The two regulators, in talks with lawmakers late today, sought support for a plan to help financial institutions remove from their balance sheets illiquid mortgage-related assets at the root of the yearlong credit crisis. Congressional leaders said they intend to work to pass such legislation within days.
``Absolutely, this is good news,'' said Marilyn Cohen, who manages $185 million in bonds as president and chief executive of Envision Capital Management in Los Angeles. ``It will be like New Year's Eve for the market tomorrow morning. Hopefully, this will give the trading desks the confidence to start making markets again.''
The Treasury and Fed chiefs, after months of trying to aid failing financial companies case by case, seek to prevent a credit crunch that has led to $518 billion in global losses and writedowns from spreading through the U.S. economy.
``What we are working on now is an approach to deal with the systemic risk and the stresses in our capital markets,'' Paulson told reporters after the meeting. ``We talked about a comprehensive approach that will require legislation to deal with illiquid assets on financial institutions in the United States on their balance sheet.''
An increasing number of lawmakers are advocating a stronger response to the crisis sparked by record homeowner defaults. The turmoil swept Lehman Brothers Holdings Inc. into bankruptcy three days ago and prompted government takeovers of Fannie Mae, Freddie Mac and American International Group Inc. this month.
``I'm hopeful that in the coming days we'll have a proposal that will pass this Congress,'' House Minority Leader John Boehner told reporters.
Paulson, Bernanke and Securities and Exchange Commission Chairman Christopher Cox ``asked us would we agree to do legislation that would create the authority within the federal government somewhere to buy up these illiquid assets,'' said Representative Barney Frank, chairman of the House Financial Services Committee ``We said `yes,' we think that's important to do because the consequences of not doing it are so bad.''
The Fed's takeover of AIG followed its March agreement to take on $29 billion of Bear Stearns Cos. assets to secure the company's takeover by JPMorgan Chase & Co.
`Insulate Main Street
House Speaker Nancy Pelosi said it was a ``very productive'' meeting on an ``initiative to help resolve the financial crisis in our country.''
The goal of the proposal is to help ``insulate Main Street from Wall Street,'' she said, adding she was ``very eager'' to see the Treasury-Fed proposal.
Senate Majority Leader Harry Reid, the Nevada Democrat, said the plan would come within ``hours,'' not days. ``We have all committed to work with them on their proposal,'' Reid said.

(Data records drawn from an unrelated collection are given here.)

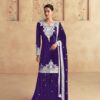 DS 3101 Purple Chinon Salwar Suit Perfect for Wedding, Party, Durga Puja, Pooja, Holi – . Festive Deal ₹2049. Delivery 4-6 Working Days. Shop now. | Casual Suits, Jump Suits, Tops & Bottoms, Track Suits, Trendy Wear, Creative suits, Designer Suits, Palazzo Suits, Party Wear Suits, Patiala Suits, Salwar suit, Straight Suits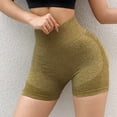 thumbnail image 4 of Pantalones cortos de yoga de cintura alta Fitness Leggings de gimnasio para mujer (Amarillo S/M) Ndcxsfigh  Nuevos Originales, 4 of 6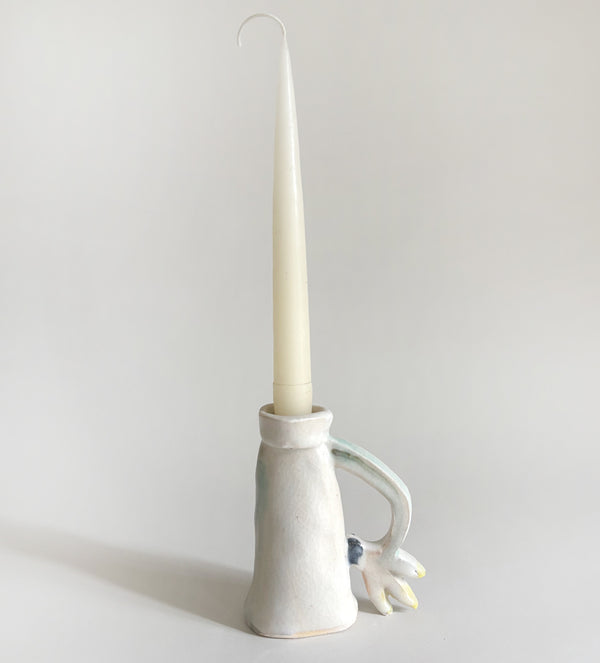 one Cyclamen Candle holder / Pastels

``I thank the congressional leadership for a very, very positive meeting,'' Bernanke told reporters after the meeting. ``We look forward to working closely with Congress to resolve this financial crisis and get our economy moving again.''
Citigroup Inc., JPMorgan Chase Co., Bank of America Corp., Goldman Sachs Group Inc., Merrill Lynch & Co. and Lehman Brothers Holdings Inc. alone had more than $500 billion as of June 30 of so-called Level 3 assets, or ones whose values they say can only be determined through internal models because of illiquid markets, according to data in a Sept. 15 report from New York- based bond research firm CreditSights Inc.
Senator Christopher Dodd, who chairs the Senate Banking Committee, said it was a ``sober'' gathering. The plan would likely come from the Treasury and Fed this weekend and ``nothing is more important than this,'' Dodd said.